Читаем Рассуждения о Франции полностью

(стр.203 >) (…) Мы хорошо чувствуем, что новый порядок, рожденный в 1789 году, установился на развалинах, к которым нас по-прежнему привязывает какая-то частица нашей памяти, но также наша ностальгия. (…) Новый подъем интереса к творчеству Жозефа де Местра, одного из самых радикальных ниспровергателей Революции и демократического общества, является, вероятно, знамением этой ностальгии, если не выражает изменений в современных взглядах на Революцию. Посудите сами: кроме настоящего сборника избранных произведений Местра о Революции,[280] за последние несколько месяцев появилась дюжина книг, посвященных жизни и творчеству савояра, две биографии университетского уровня (одна из которых — на английском языке), новое издание «Рассуждений о Франции» (четвертое за менее чем десять лет), академическое издание «Санкт-Петербургских вечеров» (впервые подготовленное на основе авторской рукописи), выступления на различных коллоквиумах.[281] (стр.204 >)

Это тем более удивительно, что Местр не рассматривается уже, как то было в XIX веке, в качестве одного из столпов легитимистской католической мысли, что он не является более знаменосцем социального консерватизма, политического ультрарасизма, религиозного ультрамонтанства.
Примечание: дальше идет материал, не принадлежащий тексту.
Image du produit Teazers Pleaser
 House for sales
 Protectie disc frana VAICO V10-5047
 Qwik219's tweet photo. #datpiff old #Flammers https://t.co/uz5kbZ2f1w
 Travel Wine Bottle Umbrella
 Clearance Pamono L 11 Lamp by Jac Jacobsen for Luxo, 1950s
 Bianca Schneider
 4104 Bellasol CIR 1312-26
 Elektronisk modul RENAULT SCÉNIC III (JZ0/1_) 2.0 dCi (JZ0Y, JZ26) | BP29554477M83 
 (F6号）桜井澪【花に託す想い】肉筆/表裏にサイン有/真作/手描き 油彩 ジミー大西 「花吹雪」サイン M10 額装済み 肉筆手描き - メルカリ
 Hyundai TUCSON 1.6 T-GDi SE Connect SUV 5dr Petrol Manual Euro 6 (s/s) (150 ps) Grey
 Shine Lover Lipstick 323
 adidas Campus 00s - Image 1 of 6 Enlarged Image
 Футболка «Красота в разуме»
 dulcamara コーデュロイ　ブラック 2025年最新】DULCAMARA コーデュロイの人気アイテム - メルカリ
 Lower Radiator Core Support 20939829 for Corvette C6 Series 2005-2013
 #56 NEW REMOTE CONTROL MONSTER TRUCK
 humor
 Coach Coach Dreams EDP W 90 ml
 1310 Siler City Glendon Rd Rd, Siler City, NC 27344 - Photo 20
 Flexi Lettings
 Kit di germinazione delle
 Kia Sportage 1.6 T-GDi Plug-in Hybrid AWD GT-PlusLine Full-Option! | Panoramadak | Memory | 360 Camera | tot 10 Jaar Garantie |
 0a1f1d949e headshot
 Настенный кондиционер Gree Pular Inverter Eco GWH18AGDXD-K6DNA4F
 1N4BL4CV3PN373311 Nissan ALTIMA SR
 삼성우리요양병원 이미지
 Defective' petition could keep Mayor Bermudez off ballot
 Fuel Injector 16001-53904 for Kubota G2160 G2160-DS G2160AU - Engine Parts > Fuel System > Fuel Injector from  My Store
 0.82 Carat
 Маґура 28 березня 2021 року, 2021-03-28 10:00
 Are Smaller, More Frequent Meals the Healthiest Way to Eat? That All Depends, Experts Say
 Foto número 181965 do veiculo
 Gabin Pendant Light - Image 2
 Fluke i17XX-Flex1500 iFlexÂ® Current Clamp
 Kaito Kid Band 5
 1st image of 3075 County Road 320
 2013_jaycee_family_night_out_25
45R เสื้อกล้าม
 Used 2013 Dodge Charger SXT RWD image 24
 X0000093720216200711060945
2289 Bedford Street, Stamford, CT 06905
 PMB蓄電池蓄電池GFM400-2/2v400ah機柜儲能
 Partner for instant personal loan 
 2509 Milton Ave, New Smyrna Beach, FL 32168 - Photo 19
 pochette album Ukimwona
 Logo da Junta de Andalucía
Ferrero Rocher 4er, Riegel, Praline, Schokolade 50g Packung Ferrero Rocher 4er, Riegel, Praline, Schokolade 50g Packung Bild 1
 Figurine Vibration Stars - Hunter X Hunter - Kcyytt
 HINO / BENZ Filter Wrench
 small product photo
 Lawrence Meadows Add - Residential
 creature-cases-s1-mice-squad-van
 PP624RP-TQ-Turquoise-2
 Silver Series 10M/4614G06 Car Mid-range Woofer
Со времен второй мировой войны ни одна школа мысли, ни одна церковь или секта более его не востребовала. Как же объяснить вызываемый им интерес?[282]

Сиоран в своем блестящем эссе о реакционной мысли дает объяснение: Местр входит в число великих провокаторов. Его ум, в котором нет чувства меры, разговаривает с нашим веком, полным несоразмерностей. Местр — полемист, «служащий предприятиям безнадежным», фанатик парадокса, «неистовый доктринер», столь мало христианский Савонарола, который обольщает и одновременно выводит из себя таких моралистов, как Сиоран и Ионеско. Вчера у него, как у певца порядка, искали доводы, заставляющие поверить в возвращение аристократического общества; сегодня, может быть, именно у него, как у ниспровергателя Просвещения, разрушителя наших светских идолов, современники ищут понимания того, что означает дрожь святотатства. (стр.205 >)

1789 год явился для савойского сенатора знамением новой мировой эпохи:[283] это предчувствие он разделил с самыми проницательными его современниками, с умами, предвосхитившими романтизм, — Луи-Клодом де Сен-Мартеном, Балланшем,[284] мадам де Сталь, Шатобрианом. Как и они, Местр ощутил в Революции не только разрушение религиозного, политического и социального порядка, но и глубокое потрясение старого мира: время испытания, неотступным образом ставящего проблему присутствия зла, но зла неизбежного, предвестника возрождения как индивидов, так и наций.

Тема «Жозеф де Местр и Революция» — это не только Местр до и во время Революции (когда савояр из свидетеля Революции превращается в ее активного противника), но это также Жозеф де Местр через Революцию. Именно благодаря этому грандиозному событию Местр открылся себе самому как политический и как религиозный писатель. Именно Террор, вторжение иррациональности в историю, порывая с возможностями разума к пониманию, превратил Местра в писателя, выражающего парадокс, аллегорию, возвышенное.

Дантово дыхание, ощутимое в лучших страницах таких произведений Местра, как «Речи маркизе де Коста» (1794), «Рассуждения о Франции» (1797), «С. — Петербургские вечера» (1821), есть выражение стилистики возвышенного, к которой прибегает Местр для выявления метаполитического и метафизического значения Революции. Обращение к возвышенному является (стр.206 >) для него единственным риторическим способом постигнуть трансцендентность, понять потаенный смысл Революции таким, каким он открылся озарению Местра, начиная с 1794 года. (…)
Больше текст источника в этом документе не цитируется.